To fully cement milk thistle’s place as a conventional treatment for liver disease in dogs, more clinical trials need to be carried out. For example, a trial comparing dogs with naturally occurring liver disease who are treated identically except for whether or not they receive milk thistle would go a long way towards proving milk thistle’s worth.
Milk thistle – the side effects
Even though there hasn’t been a huge amount of research into milk thistle as a treatment, thanks to its wide spread use, we have an idea about the side effects it can cause.
For the most part, side effects associated with this supplement are relatively minor. It has been known to cause loose faeces, gas and mild digestive upset. If given too often and at too high a dose, milk thistle can also actually cause liver damage and suppress function. This is one of the primary reasons this supplement should not be given to health dogs, but rather only to dogs who have existing liver problems.
Silymarin (milk thistle) should not be given to pregnant bitches, as it may be harmful.
Milk thistle – the verdict
Despite the lack of concrete scientific evidence, milk thistle is an extremely popular, widely used herbal supplement that often also receives backing from medical professionals, including vets. It truly is one of the few examples of ‘alternative’ medicine jumping the fence to become more ‘mainstream’ and ‘conventional’.

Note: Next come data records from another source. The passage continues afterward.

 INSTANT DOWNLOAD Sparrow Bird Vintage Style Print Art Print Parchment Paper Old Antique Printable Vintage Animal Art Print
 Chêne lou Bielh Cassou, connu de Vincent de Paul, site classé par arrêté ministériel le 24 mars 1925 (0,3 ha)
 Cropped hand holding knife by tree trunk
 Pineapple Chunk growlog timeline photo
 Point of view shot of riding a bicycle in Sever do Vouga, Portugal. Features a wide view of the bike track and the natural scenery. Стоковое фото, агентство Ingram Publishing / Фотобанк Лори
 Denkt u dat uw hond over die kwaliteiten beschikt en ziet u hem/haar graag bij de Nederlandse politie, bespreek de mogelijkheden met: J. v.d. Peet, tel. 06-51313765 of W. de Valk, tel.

Until we have more, better quality clinical trials, we can’t know for sure what the benefits – if any – of milk thistle are. However, considering the small body of evidence that suggests milk thistle can help treat canine liver disease, and taking into account the relatively small number of side effects, including milk thistle supplements in your dog’s diet isn’t unreasonable.

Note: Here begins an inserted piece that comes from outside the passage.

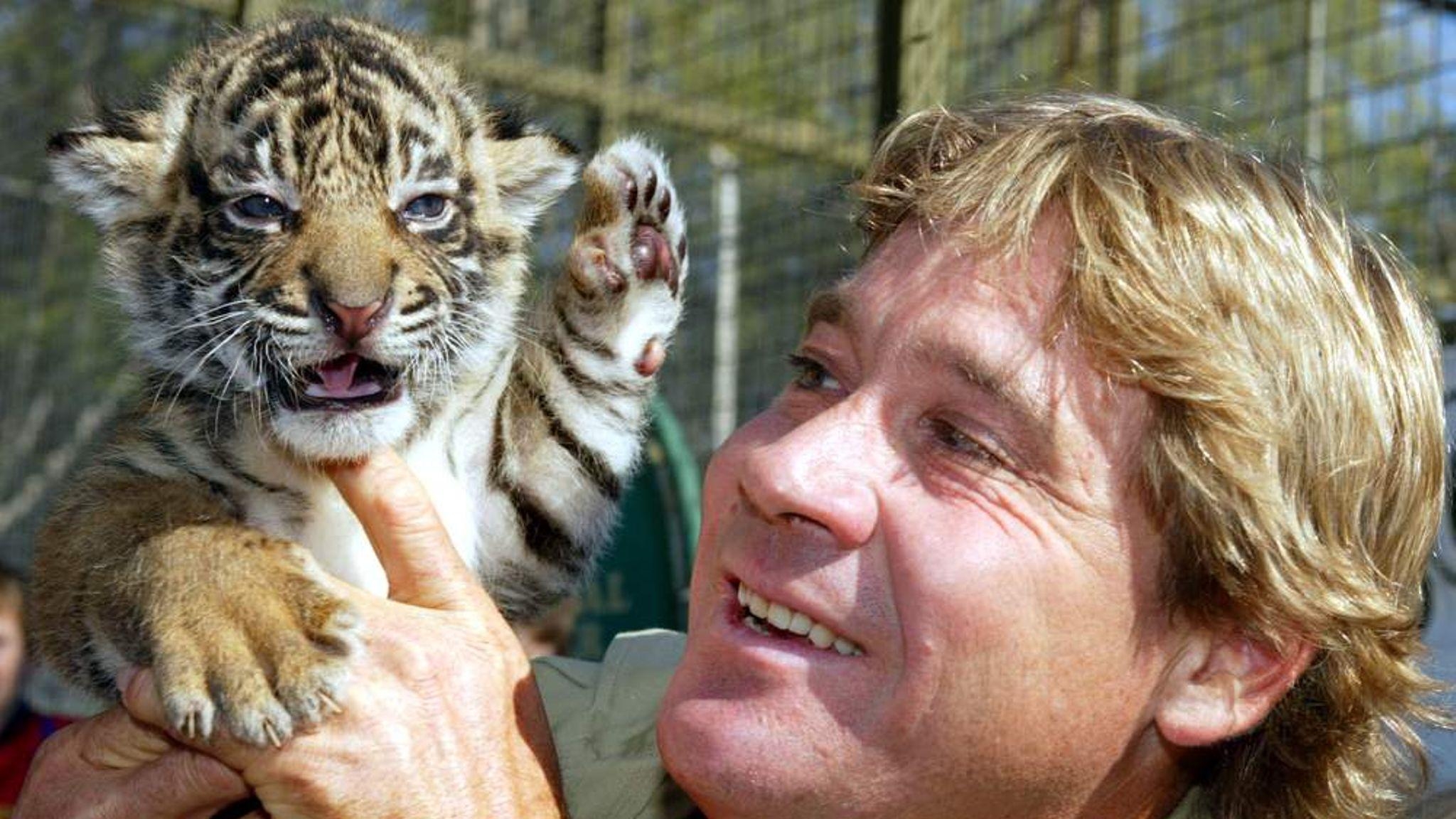 2050x1160 Steve Irwin's Dying Moments Revealed On Camera, Desktop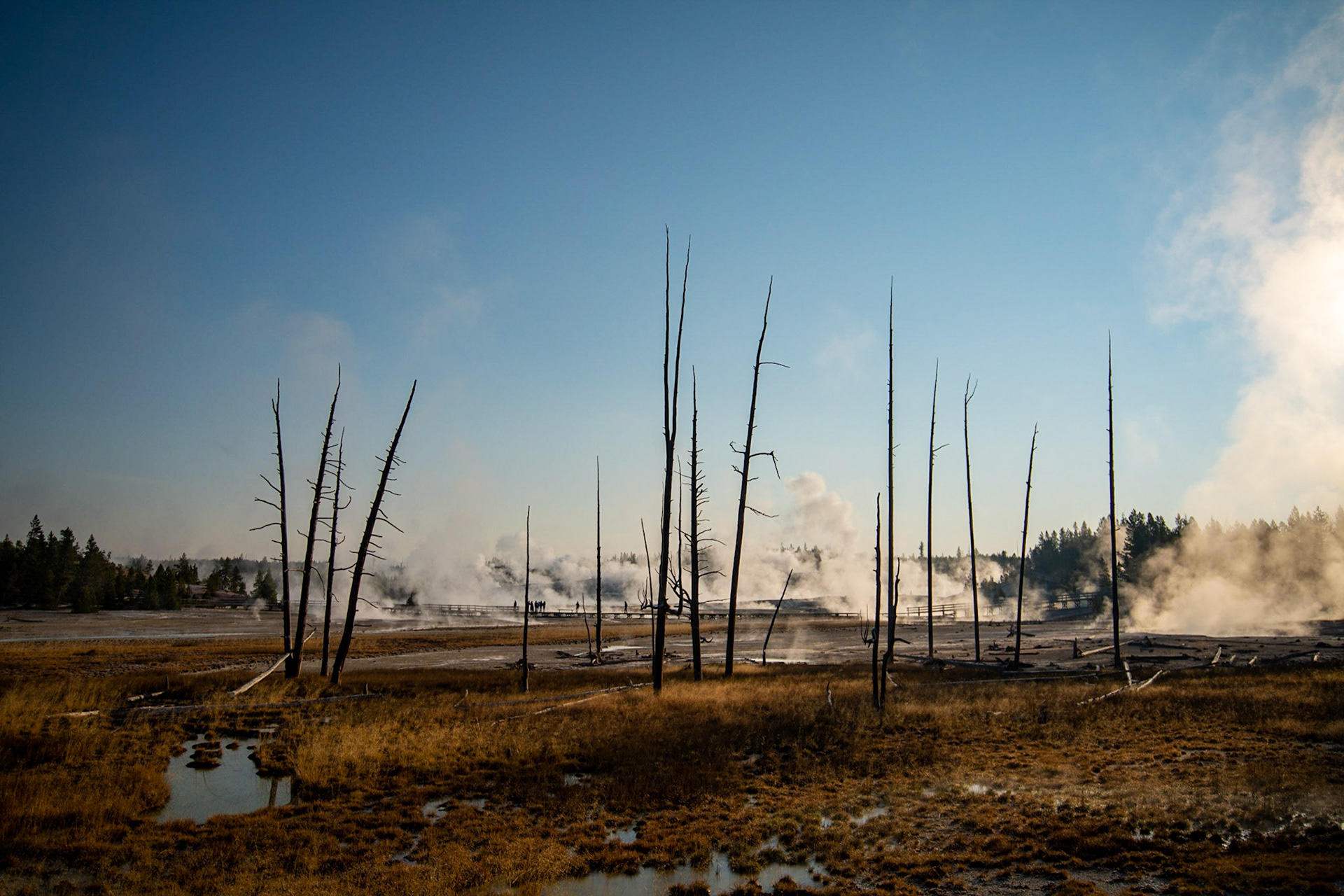 Norris Porcelain Basin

But as with all supplements, it’s important to speak to your vet before including milk thistle in your dog’s diet. This will help you decide if it’s right for your dog and what’s the best dose to give them. Speaking with your vet is particularly important if your dog is taking any medication(s) – by giving your dog milk thistle (silymarin) you are altering their liver function, which may alter the effects of other medication(s). This could be very damaging to your dog’s health.